[Data listing Boundary: Start]

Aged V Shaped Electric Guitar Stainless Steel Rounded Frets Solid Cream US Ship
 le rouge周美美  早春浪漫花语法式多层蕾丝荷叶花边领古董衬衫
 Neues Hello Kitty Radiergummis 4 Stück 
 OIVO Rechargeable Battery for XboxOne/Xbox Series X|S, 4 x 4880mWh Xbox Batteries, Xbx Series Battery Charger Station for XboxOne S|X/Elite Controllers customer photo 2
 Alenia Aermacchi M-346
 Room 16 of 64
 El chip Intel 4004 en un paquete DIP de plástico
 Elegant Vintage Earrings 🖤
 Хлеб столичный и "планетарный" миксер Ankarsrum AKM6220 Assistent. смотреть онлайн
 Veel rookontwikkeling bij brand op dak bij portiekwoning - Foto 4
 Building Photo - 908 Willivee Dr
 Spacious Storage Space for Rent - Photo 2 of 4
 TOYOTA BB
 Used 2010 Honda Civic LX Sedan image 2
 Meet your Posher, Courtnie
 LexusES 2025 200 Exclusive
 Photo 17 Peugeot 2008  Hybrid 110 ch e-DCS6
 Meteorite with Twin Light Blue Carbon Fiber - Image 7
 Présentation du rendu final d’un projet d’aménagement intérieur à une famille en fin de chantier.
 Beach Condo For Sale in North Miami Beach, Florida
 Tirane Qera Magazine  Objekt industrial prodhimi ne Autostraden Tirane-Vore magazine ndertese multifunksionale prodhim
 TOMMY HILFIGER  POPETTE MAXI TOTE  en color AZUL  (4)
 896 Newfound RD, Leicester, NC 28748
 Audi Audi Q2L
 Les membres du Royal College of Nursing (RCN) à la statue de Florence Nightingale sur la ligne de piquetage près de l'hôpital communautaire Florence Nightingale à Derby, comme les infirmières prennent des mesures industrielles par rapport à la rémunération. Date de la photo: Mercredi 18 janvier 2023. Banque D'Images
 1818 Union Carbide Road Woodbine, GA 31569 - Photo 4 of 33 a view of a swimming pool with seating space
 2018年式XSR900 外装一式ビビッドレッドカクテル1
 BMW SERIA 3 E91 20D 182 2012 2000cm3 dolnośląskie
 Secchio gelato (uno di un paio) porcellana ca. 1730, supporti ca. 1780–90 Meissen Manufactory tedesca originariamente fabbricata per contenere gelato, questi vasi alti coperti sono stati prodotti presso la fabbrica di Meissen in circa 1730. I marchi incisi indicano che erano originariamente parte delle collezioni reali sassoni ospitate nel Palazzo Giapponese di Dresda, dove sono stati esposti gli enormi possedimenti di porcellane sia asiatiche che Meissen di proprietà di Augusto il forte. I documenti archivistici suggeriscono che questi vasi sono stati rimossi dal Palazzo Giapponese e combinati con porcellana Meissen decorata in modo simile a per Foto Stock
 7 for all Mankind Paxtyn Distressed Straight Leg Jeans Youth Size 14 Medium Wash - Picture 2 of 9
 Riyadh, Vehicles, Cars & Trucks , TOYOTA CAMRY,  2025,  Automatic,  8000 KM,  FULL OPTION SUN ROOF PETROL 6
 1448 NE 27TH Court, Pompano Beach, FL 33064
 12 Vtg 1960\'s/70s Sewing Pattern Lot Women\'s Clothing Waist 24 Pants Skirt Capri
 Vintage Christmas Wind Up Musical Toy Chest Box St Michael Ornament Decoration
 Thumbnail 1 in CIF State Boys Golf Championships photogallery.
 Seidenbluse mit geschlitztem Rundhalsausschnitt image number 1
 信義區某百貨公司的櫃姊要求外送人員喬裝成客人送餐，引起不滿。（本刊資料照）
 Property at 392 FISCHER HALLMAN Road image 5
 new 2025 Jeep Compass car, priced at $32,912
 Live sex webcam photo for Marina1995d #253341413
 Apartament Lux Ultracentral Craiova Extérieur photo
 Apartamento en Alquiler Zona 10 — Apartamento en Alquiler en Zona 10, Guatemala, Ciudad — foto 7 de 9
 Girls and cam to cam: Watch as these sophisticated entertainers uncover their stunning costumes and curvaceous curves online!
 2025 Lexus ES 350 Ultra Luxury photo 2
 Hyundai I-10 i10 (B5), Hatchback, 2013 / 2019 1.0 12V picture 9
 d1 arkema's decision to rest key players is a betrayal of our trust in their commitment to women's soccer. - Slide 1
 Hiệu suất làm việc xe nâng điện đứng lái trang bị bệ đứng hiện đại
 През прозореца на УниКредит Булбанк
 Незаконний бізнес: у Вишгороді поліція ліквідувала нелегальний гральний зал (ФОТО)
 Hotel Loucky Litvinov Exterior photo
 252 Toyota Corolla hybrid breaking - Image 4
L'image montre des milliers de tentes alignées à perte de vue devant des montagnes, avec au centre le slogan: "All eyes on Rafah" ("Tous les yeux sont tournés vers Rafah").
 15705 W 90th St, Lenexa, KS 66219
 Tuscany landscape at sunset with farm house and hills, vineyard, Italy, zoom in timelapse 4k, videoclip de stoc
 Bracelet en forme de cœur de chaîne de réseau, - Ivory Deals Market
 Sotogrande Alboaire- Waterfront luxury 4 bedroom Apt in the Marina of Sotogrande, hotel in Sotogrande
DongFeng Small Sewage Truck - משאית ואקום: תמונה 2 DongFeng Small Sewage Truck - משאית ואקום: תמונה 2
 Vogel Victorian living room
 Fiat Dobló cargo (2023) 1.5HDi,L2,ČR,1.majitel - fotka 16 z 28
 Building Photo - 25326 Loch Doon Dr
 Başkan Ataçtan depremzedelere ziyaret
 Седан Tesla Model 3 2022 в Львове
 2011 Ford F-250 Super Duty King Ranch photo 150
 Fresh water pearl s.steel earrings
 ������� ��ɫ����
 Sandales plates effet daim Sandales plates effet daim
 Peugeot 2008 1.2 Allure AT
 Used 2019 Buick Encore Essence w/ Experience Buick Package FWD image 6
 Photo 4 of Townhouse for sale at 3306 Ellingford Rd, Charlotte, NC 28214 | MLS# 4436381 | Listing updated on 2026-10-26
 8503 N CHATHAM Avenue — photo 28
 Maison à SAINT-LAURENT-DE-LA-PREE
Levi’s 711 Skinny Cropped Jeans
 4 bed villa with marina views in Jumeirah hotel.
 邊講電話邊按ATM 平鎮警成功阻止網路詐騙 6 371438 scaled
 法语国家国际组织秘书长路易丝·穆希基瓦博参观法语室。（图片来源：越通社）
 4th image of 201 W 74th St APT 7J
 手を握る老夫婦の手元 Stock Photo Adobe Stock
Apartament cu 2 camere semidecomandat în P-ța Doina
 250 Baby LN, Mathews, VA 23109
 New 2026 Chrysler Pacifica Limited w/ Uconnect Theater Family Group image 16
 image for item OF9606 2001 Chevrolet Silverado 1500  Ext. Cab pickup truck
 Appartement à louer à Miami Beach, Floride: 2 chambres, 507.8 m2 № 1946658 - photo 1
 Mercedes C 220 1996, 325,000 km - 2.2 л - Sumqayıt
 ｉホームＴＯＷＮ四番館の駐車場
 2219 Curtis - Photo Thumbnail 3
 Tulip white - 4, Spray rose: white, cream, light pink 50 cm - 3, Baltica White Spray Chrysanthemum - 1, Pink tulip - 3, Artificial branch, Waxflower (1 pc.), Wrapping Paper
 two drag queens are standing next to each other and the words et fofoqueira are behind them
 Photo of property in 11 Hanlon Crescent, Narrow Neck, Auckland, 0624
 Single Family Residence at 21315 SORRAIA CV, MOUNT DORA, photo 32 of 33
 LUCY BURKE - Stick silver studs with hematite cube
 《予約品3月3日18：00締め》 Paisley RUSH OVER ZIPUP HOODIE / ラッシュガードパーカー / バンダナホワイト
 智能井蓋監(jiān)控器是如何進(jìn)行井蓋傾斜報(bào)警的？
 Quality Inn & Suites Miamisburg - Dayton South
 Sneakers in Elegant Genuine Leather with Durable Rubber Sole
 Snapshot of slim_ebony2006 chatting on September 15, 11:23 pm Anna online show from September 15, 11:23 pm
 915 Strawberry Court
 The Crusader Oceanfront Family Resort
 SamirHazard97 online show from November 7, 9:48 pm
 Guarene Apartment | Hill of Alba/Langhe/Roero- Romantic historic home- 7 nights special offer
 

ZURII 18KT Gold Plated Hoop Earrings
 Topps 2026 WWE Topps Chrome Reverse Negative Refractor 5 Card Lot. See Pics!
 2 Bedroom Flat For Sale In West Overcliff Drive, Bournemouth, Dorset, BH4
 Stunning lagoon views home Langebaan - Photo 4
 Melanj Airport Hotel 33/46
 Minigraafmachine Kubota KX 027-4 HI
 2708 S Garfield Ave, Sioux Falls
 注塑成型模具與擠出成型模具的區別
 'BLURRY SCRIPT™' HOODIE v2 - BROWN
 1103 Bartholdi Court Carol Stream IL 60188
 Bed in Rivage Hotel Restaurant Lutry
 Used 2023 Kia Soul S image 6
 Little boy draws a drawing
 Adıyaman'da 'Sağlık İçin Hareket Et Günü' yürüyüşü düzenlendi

[Data listing Boundary: End]

◆ **Required action**
Only the lines above starting at the line that holds "2011 Ford F-250" and ending at the line that holds "two drag queens" are to be repeated, exactly and in full.

◆ **Problem solution**
 2011 Ford F-250 Super Duty King Ranch photo 150
 Fresh water pearl s.steel earrings
 ������� ��ɫ����
 Sandales plates effet daim Sandales plates effet daim
 Peugeot 2008 1.2 Allure AT
 Used 2019 Buick Encore Essence w/ Experience Buick Package FWD image 6
 Photo 4 of Townhouse for sale at 3306 Ellingford Rd, Charlotte, NC 28214 | MLS# 4436381 | Listing updated on 2026-10-26
 8503 N CHATHAM Avenue — photo 28
 Maison à SAINT-LAURENT-DE-LA-PREE
Levi’s 711 Skinny Cropped Jeans
 4 bed villa with marina views in Jumeirah hotel.
 邊講電話邊按ATM 平鎮警成功阻止網路詐騙 6 371438 scaled
 法语国家国际组织秘书长路易丝·穆希基瓦博参观法语室。（图片来源：越通社）
 4th image of 201 W 74th St APT 7J
 手を握る老夫婦の手元 Stock Photo Adobe Stock
Apartament cu 2 camere semidecomandat în P-ța Doina
 250 Baby LN, Mathews, VA 23109
 New 2026 Chrysler Pacifica Limited w/ Uconnect Theater Family Group image 16
 image for item OF9606 2001 Chevrolet Silverado 1500  Ext. Cab pickup truck
 Appartement à louer à Miami Beach, Floride: 2 chambres, 507.8 m2 № 1946658 - photo 1
 Mercedes C 220 1996, 325,000 km - 2.2 л - Sumqayıt
 ｉホームＴＯＷＮ四番館の駐車場
 2219 Curtis - Photo Thumbnail 3
 Tulip white - 4, Spray rose: white, cream, light pink 50 cm - 3, Baltica White Spray Chrysanthemum - 1, Pink tulip - 3, Artificial branch, Waxflower (1 pc.), Wrapping Paper
 two drag queens are standing next to each other and the words et fofoqueira are behind them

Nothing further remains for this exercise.